TASK TO CARRY OUT: Please set down the data again exactly, minus the pictures.
● ● ● ●
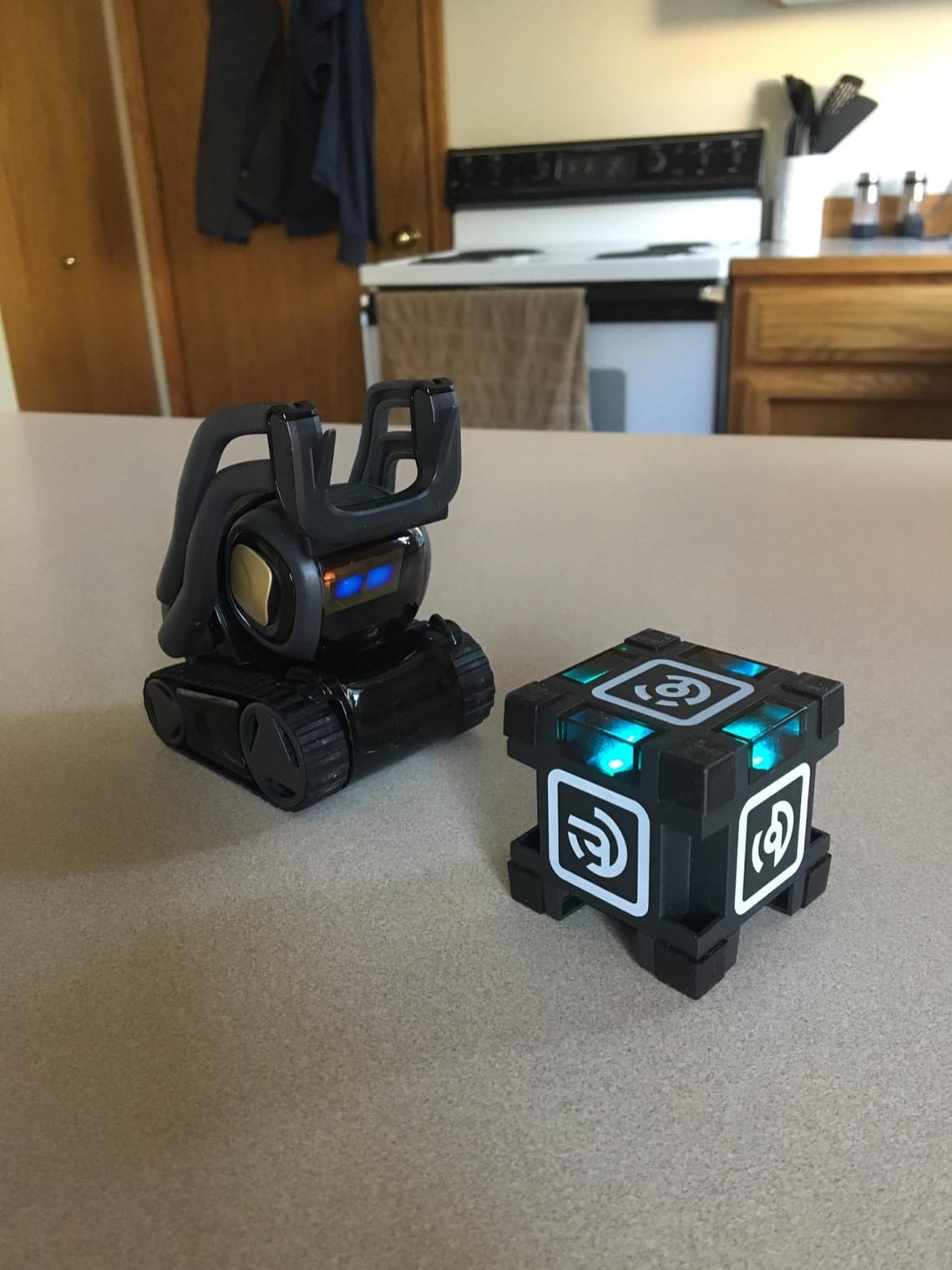 Vector Robot Review (2025): A Dad's Honest Test
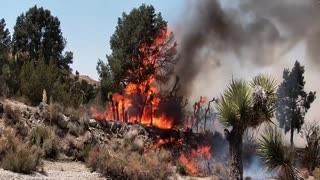 vehicle FIRE damage from a California wildfire.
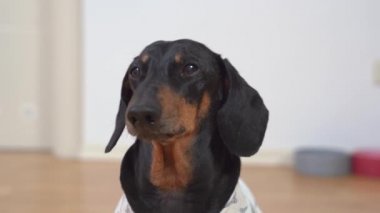 Küçük dachshund köpeği parlak ışıklı odada kameraya bakar.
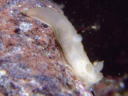 Gymnodoris citrina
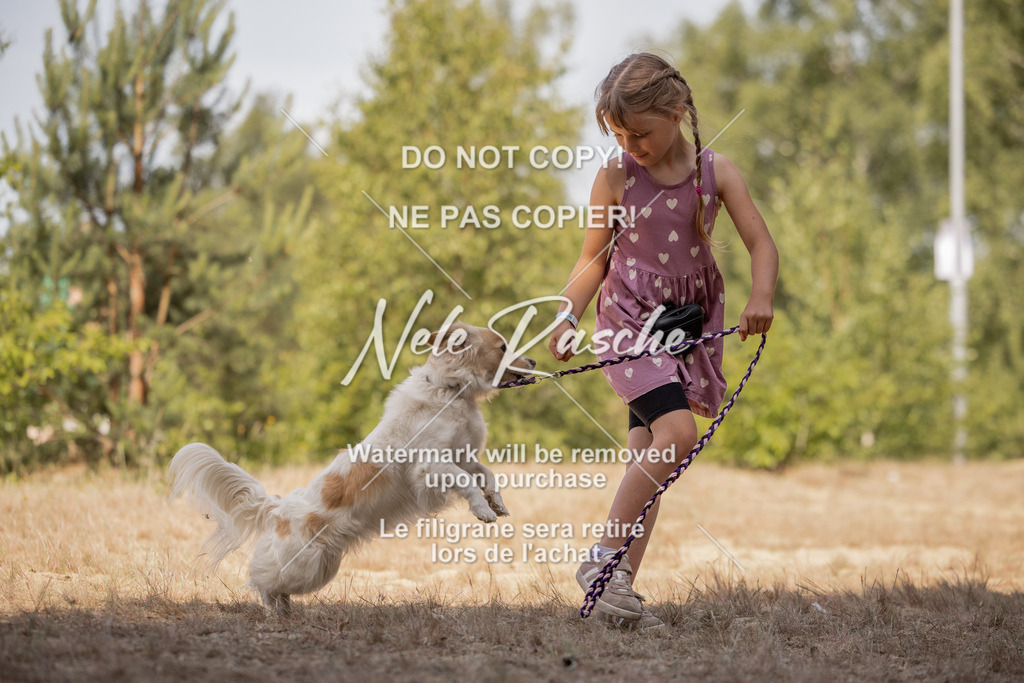 nelerasche_soDD2_277 | nelerasche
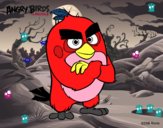 Red de Angry Birds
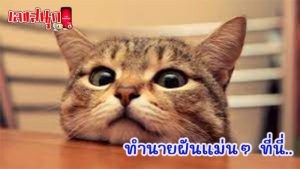 ฝันว่าแมวฉี่ใส่เสื้อผ้า-"Dreaming that a cat pees on clothes"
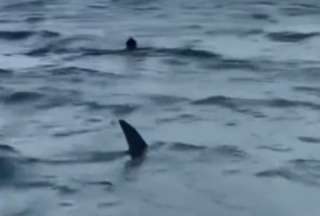 Estas personas estaban nadando tranquilos cuando un tiburón apareció y les cambió los planes.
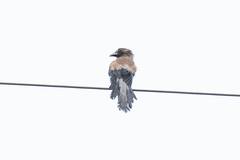 Dendrocitta formosae formosae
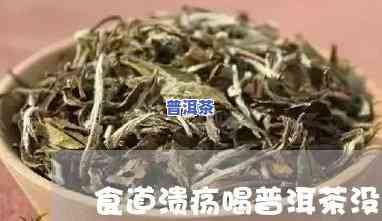 普洱茶引起食道癌吗-普洱茶引起食道癌吗能喝吗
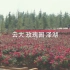 【风景】云南大学春季风光 玫瑰园与泽湖周边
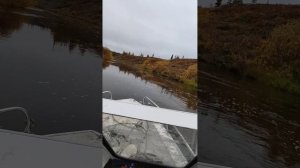 катер томь 455 водомëт,р. Хоседа 2022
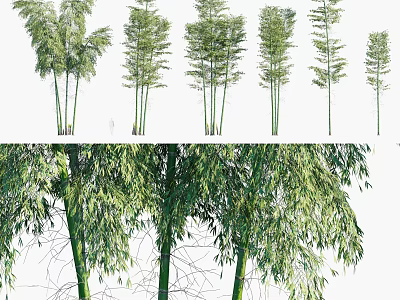 Various Bamboo Plants With Different Heights And Green Leaves For Garden Landscaping 3d model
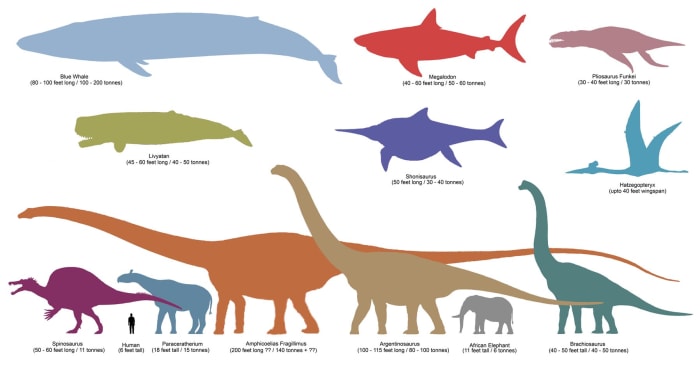 Comparision of Blue Whale With Other Creatures that Walk/Walked on Earth! Click to enlarge.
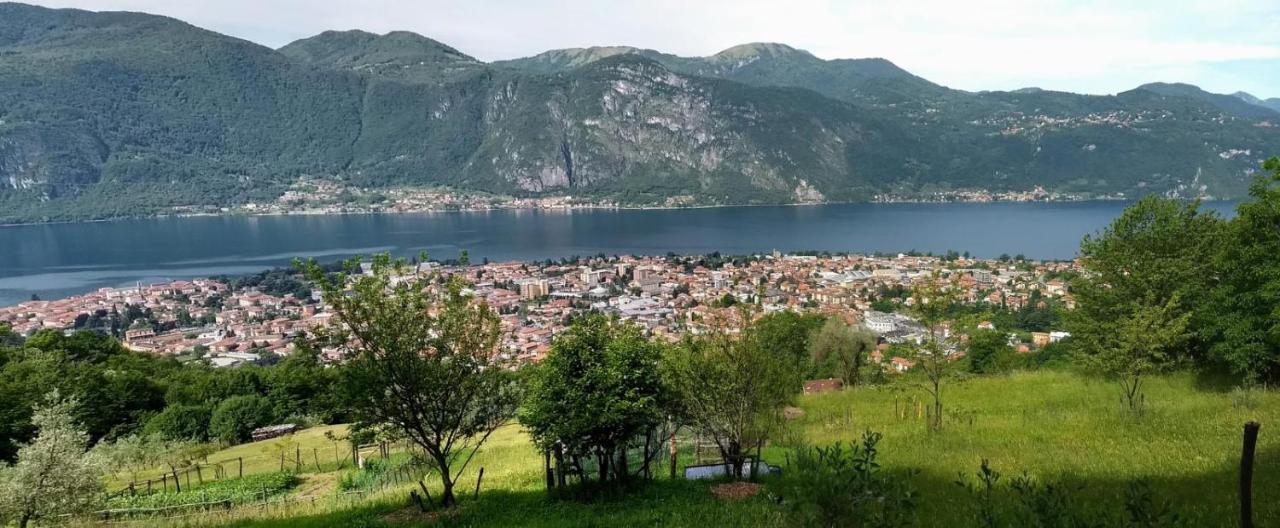 Villa Nido Di Rongio Mandello del Lario Exterior foto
● ● ● ●
RESPONSE TO THIS TASK:
 Vector Robot Review (2025): A Dad's Honest Test
 vehicle FIRE damage from a California wildfire.
 Küçük dachshund köpeği parlak ışıklı odada kameraya bakar.
 Gymnodoris citrina
 nelerasche_soDD2_277 | nelerasche
 Red de Angry Birds
 ฝันว่าแมวฉี่ใส่เสื้อผ้า-"Dreaming that a cat pees on clothes"
 Estas personas estaban nadando tranquilos cuando un tiburón apareció y les cambió los planes.
 Dendrocitta formosae formosae
 普洱茶引起食道癌吗-普洱茶引起食道癌吗能喝吗
 【风景】云南大学春季风光 玫瑰园与泽湖周边
 катер томь 455 водомëт,р. Хоседа 2022
 Various Bamboo Plants With Different Heights And Green Leaves For Garden Landscaping 3d model
 Comparision of Blue Whale With Other Creatures that Walk/Walked on Earth! Click to enlarge.
 Villa Nido Di Rongio Mandello del Lario Exterior foto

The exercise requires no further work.